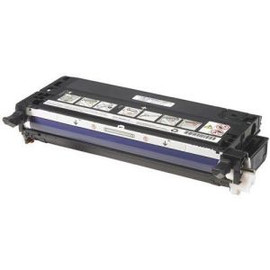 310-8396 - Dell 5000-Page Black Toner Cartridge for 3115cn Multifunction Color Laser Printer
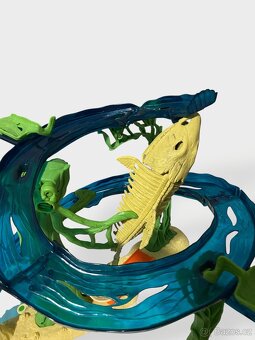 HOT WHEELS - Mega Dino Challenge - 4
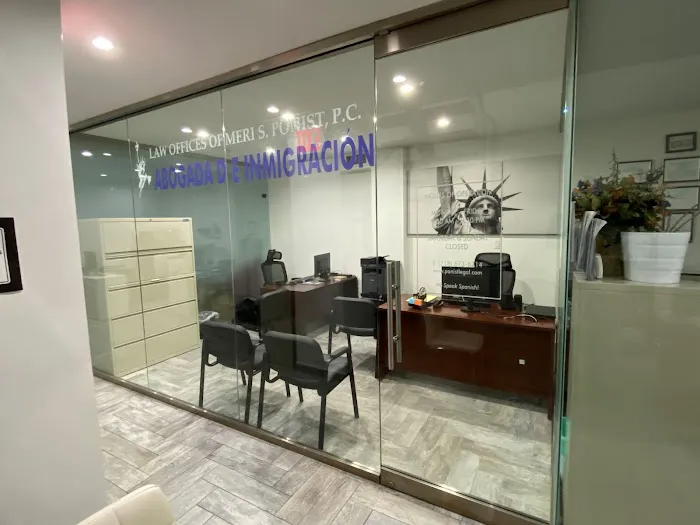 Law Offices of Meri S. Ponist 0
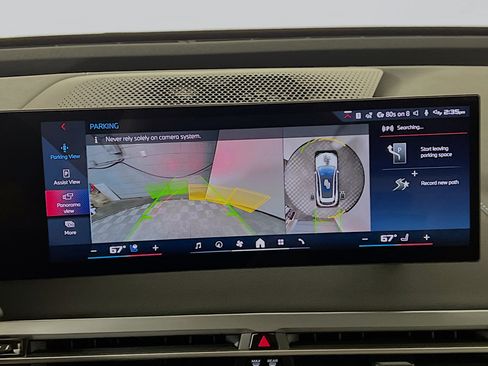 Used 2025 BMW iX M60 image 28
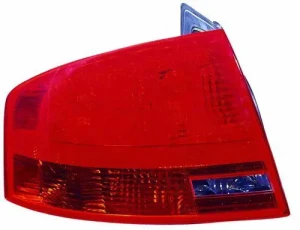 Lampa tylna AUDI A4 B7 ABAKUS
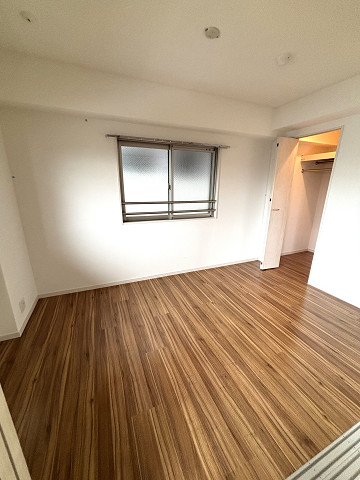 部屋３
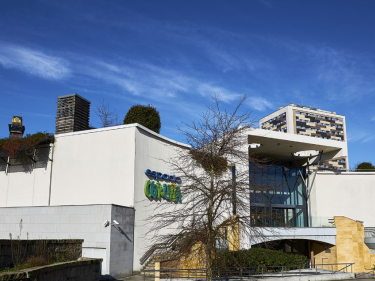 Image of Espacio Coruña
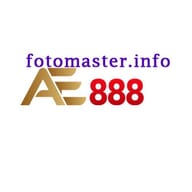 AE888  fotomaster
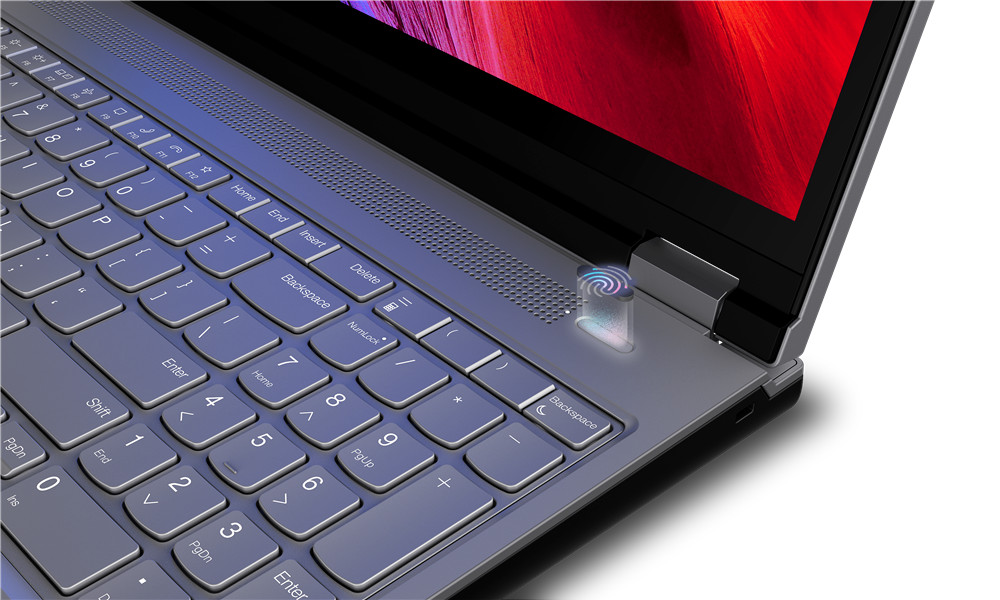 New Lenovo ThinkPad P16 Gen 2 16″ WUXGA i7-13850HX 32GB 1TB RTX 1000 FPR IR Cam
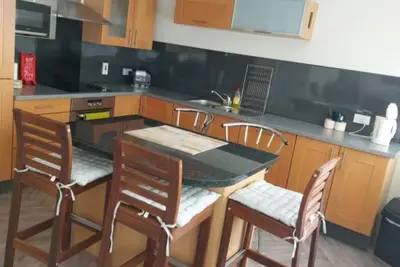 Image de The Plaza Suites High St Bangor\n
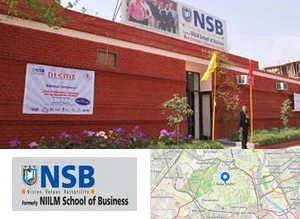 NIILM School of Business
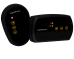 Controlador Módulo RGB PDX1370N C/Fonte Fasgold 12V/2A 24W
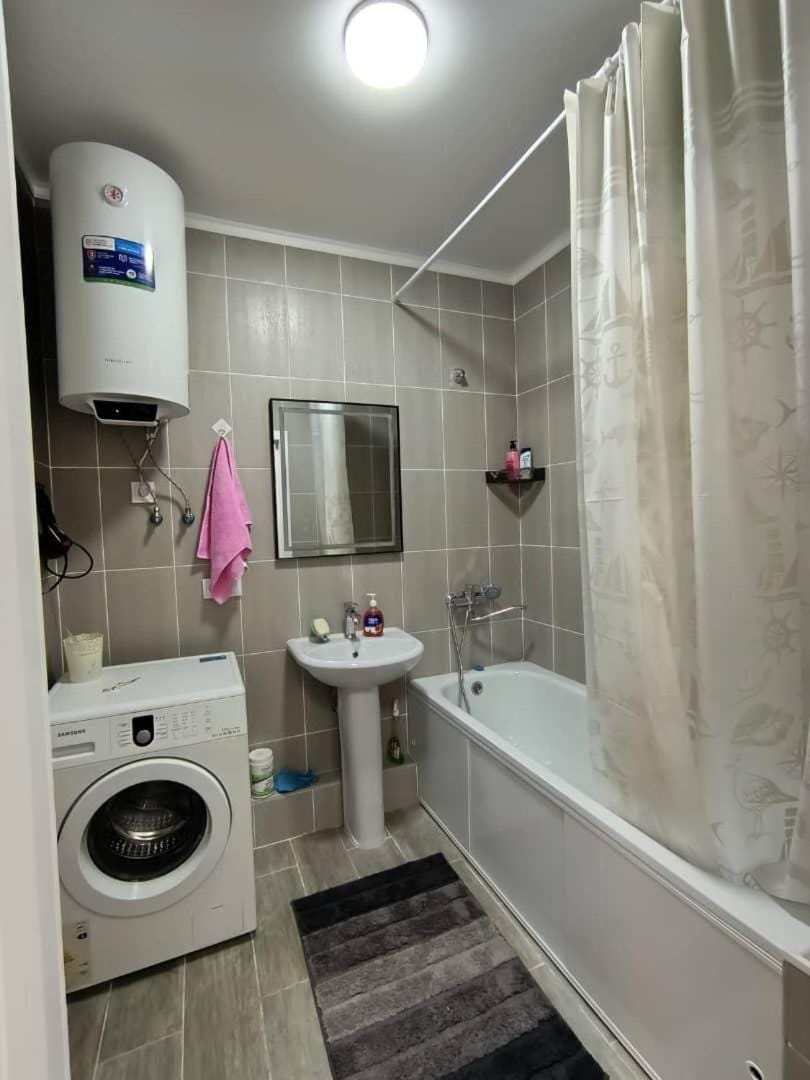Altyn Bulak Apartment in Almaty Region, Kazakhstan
...
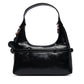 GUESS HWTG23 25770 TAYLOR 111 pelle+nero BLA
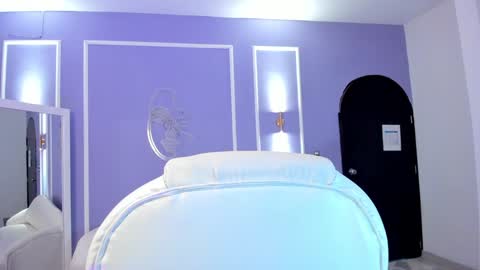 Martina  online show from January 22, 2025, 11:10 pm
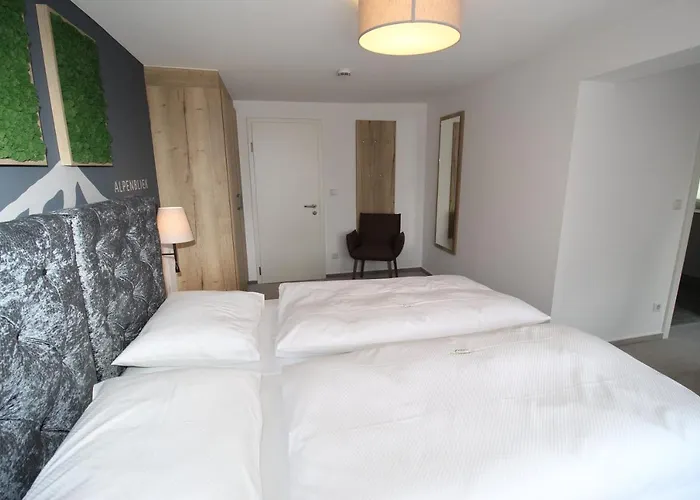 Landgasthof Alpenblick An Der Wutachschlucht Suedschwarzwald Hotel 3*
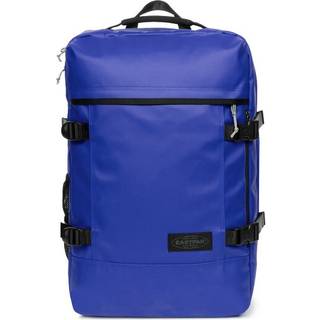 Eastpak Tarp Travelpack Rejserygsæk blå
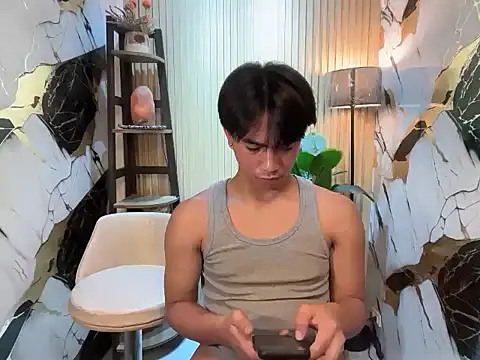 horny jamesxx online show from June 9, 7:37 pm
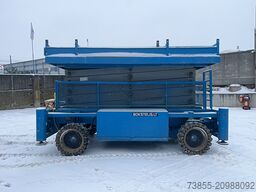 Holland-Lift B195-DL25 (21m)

## WHAT TO PRODUCE
Within the listing above, print exactly the stretch beginning at the line that contains "Image de The Plaza Suites High St Bangor\n" and finishing at the line that contains "Altyn Bulak Apartment", ends kept, pictures left out, and nothing more.

## SOLUTION
 Image de The Plaza Suites High St Bangor\n
 NIILM School of Business
 Controlador Módulo RGB PDX1370N C/Fonte Fasgold 12V/2A 24W
Altyn Bulak Apartment in Almaty Region, Kazakhstan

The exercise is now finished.